ページ

2013年8月19日月曜日

コーディネイトの新しいバランス

2012年以降、ファッションのトレンドは、完全に新しい流れへと入りました。
トレンドが変わるということは、服のシルエットが変わるということです。
当然のことながら、服のシルエットが変われば、
コーディネイト全体のバランスも変わってきます。
この時期、新しいバランスを作ることが、おしゃれに見えることの条件になってきます。

トレンドが変わる時期は、もちろん過去にもありました。
最近では、90年代後半から2000年に入るころ、
それまでのだぶだぶしたシルエットから、
急激にタイトなシルエットになっていった時期です。
おしゃれに敏感な人たちは、流行をいち早くかぎ分け、
ぶかぶかなパンツを捨て、スキニー・ジーンズをはき、
ストレッチの入ったぴったりしたTシャツをトップに持ってきました。
それは今まで見たことがないシルエットで、
大きな服にそろそろうんざりしていた人たちには、
衝撃的なほど、新鮮にうつったのでした。
それと同じ現象が、今、起きています。

今回は、ぴったりタイトが長く続いたせいで、
その反動で、全体のバランスが大きくなります。

服の新しさというのは、ものとしての新しさの問題だけではないのです。
体と布の間にできる空気の分量がどれだけ新しいものなのか、
そちらのほうがより重要です。
そして、明らかに全体のシルエットが変化してしまった今、
古いトレンドを引きずった、ものとして新しい服を買っても、
それは、新しいとは言えません。
問題なのは、その服で、どれだけ新しいバランスのコーディネイトできるか、
ということなのです。

これからは、2000年にはおしゃれに見えたコーディネイトのバランスは、
もうすでにおしゃれには見えません。
あのときはどんなにそれが格好良かったとしても、
今はもうそうではありません。
それがファッションであり、流行です。

コーディネイト・ブックのコーディネイトは、
発売されたときにもっともおしゃれなのであって、
それが永遠に続くわけではありません。
コーディネイトにおいても、シルエットとバランスは、ゆるやかに変化していくからです。
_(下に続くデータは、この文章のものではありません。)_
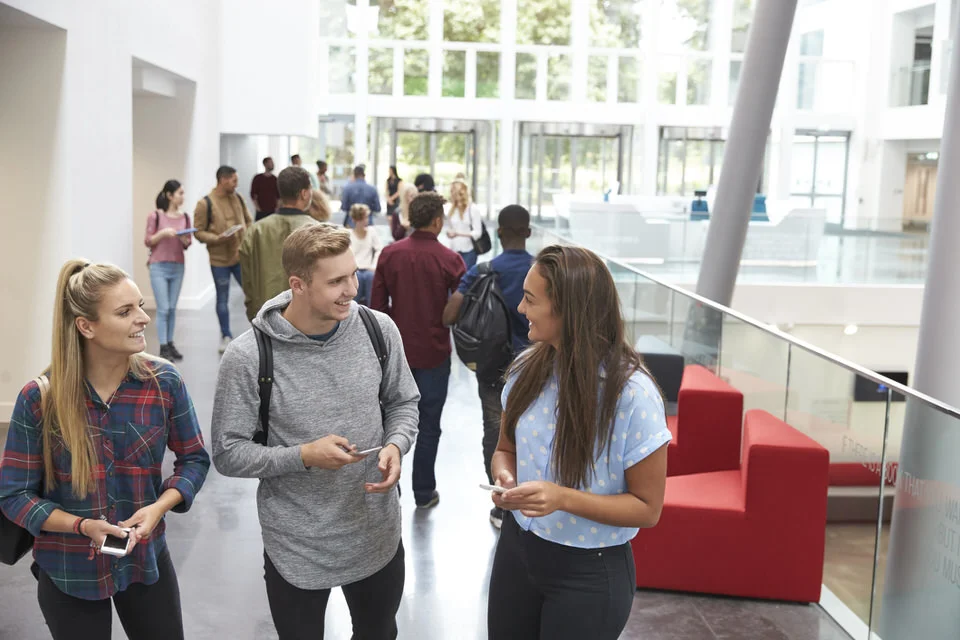 Students-holding-tablets-and-phone-talk-in-university-lobby-597958816_2125x1416 (1).jpeg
さて、これから約10年は続くであろう新しいバランスは、
体にぴったりフィットしたものでないことは明らかです。
ビッグであることは確かなのですが、
かといって、80年代のビッグ・シルエットとも違います。
80年代のビッグ・シルエットは、マスキュリンの要素が強いものでしたが、
次の10年、強調されるのはフェミニティです。
ですから、必ずしも、ビッグ・シルエットのコートやジャケットに、
マニッシュな靴をあわせるわけではありません。
細いピンヒールは、まだ健在です。


また、50年代から60年代、ディオールに代表される時代のシルエットにも、近いものがあります。
けれども、やはりそれとまったく同じというわけではありません。
あの時代の清楚で、きっちりしたイメージと、
これからのもっとおおらかで、混沌としたイメージでは、
生まれてくるデザインも違うでしょうし、全体のバランスもほんの少しですが、
違ってきます。

これはまだ私もはっきりつかめているわけではありませんが、
たぶん、何か逸脱した要素があると思います。
そして、それは「役に立つ」からは、ほど遠くなります。
ドレープやフレアなど、無駄な要素が多くなります。
トレーナーにフレアスカート、ハイヒールのそのバランスは、
どう考えても、走るのには適しません。
機能と効率、経済性とは逆の方向です。
そしてそれらは、わたしたちが長いこと、価値を認めてこなかったものです。

ここで豊かさは復活します。
そうでなければ、それは嘘です。
機能的でもない、効率も悪い、経済の発展に寄与しない、
その豊かさが、再び見出されるときです。
それを私たちは、無意識にキャッチして、
バランスで表現します。

行き場のない世界で、
絶望の果てに見つけたのは、
長いこと忘れ去られ、見捨てられた、
本当の豊かさです。

本当におしゃれな人とは、それをいち早くキャッチする人たちです。
眠っている人たちを目覚めさせるため、
先駆者は、新しい価値を提示します。
新しいバランスが定着するには、これから何年かかかるでしょう。
しかし、必ずそれは定着するのです。

これから始まる新しい時代のために、
新しいバランスを見つけてください。
自分の心に引っかかる、新しいバランスのコーディネイトを見つけたら、
早速、試してみてください。
その一歩こそが、新しい時代を作ります。